Service Desk Dashboard

This project was initiated out of the desire to improve an existing Service Desk Dashboard access and visibility. The dashboard used to be an Excel file hosted on the network on a remote server.

Where it all started

The dashboard was accessed as an Excel file over the network. This caused latencies at the remote sites. The Excel file also took time to load once started and the half hourly feed refreshes took time to load. And sometimes data had to be loaded manually. There was also the need for the user to be logged in the local network to have access to the file. I felt a new dashboard was needed that could be easily accessed and displayed for different mediums and formats. Following is how I proceeded.

Research phase

Were is the data?

To get an idea on what to expect I needed to do a little bit of research. First I needed to understand how the Excel report was working. Luckily the Excel report had an excellent documentation, which helped a lot to understand how the Metrics were calculated out of the raw data provided by SQL servers. However, the main data the Excel file was feeding of were CSV files.

How to read the data?

Knowing the metric data was stored as CSV files meant that I had to parse the files into JSON format, so I can use the data with Javascript. After further research, I decided to use Papaparse as a CSV to JSON parser.

Which framework to use?

At this point I was not 100% sure on which frameworks to use on the client side. I thought about using JQuery and Bootstrap if this could get the job done quickly. I knew that I needed to add authentication, authorization and other functionalities as I was developing the dashboard for an enterprise environment. I also wanted an easy way to bind the data I intended to feed to the application. I ended up choosing Angular, as the framework was all encompassing and I did not need to add additional libraries to manage state, bind the data and share data between components.

For styling I ended up choosing Bootstrap. I used it before, so I was familiar with it. It was the easiest option for me to get the web-app to be responsive.

Implementation

The first step was to get PapaParse to parse the CSV files into JSON format. I had two of files that I needed to parse. One containing the monthly metrics, one the hourly metrics.

While trying to implement the parsing, I realized that the results are to be processed asynchronously. To test the file parsing, I used functions callbacks. But later on I used RxJS Observables to wrap the Papaparse callbacks. More on this later.

Both files had raw metrics data that needed to be processed and cleaned up for display in Angular. I went online to look how this might be done. And this is how I learned about functional programming. I watched videos from the FunFunFunction youtube channel on functional programming. I remember starting with filter, map and reduce functions.

Learning to use functional programming to process the data was definitely a skill upgrade. And a very enjoyable one. However, having the data shown in the console was one thing. Getting the data from Papaparse to the Angular component was another.

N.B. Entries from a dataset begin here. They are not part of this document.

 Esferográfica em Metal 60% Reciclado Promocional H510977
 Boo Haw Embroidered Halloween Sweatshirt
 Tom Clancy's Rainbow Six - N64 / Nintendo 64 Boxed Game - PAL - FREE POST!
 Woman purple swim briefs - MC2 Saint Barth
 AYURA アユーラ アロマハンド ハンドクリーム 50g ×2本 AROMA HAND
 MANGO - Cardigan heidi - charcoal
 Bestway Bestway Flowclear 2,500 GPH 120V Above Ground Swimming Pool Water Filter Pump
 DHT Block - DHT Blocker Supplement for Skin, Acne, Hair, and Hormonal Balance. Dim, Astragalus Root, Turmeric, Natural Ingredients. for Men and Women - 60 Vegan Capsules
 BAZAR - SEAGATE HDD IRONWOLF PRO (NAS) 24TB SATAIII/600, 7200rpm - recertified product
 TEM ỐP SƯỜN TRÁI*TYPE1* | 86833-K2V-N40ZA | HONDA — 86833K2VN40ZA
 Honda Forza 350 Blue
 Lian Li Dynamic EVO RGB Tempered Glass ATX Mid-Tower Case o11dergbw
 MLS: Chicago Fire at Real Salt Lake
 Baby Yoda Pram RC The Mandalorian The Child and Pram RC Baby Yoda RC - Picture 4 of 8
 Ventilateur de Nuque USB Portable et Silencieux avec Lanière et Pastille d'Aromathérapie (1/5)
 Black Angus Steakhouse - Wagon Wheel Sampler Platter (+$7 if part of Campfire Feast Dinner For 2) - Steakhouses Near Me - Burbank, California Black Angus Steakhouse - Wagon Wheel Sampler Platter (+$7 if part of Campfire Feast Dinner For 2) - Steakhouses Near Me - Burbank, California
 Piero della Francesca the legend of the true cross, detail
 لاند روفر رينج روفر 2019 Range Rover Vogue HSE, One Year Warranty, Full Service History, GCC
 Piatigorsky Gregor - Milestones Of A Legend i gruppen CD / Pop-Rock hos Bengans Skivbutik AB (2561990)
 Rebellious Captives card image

This is were I learned how to use RxJs observables. Wrapping the Papaparse call back result in an observable and subscribing to it was the solution I used.

At this stage, all the client side code was put into one component. This had to be refactored into different components and services.

So I added a service called Metric service. It sends a GET call to a server to fetch the CSV files, then returns an observable for the components to subscribe to.

The navigation bar was separated from the first component and added to a shared folder. I also started to style the application with Bootstrap to add a basic style and responsiveness to the application.

After having the bascic metrics displayed on a component, I decided to implement authentication to the application.

I did some research on how to implement this in a MEAN app. And ended up choosing JWT Token based authentication.

I watched a couple of courses and read a few tutorials on how to get this done.

I implemented the server side with ExpressJs. I used ExpressJs to serve the CSV file, do the server based routing and serve for authentication and authorization API. This will also end up being the server used to serve the Angular client.

On client side I added the routing including the route guards. I then implemented the client side components to signup, signin and register.

Refactoring the UI

Having the data displayed in a table was nice but it did not present perfectly on the big TV screens on the Service Desk floor. So I decided to add a chart and displayed the two main metrics on two separate cards.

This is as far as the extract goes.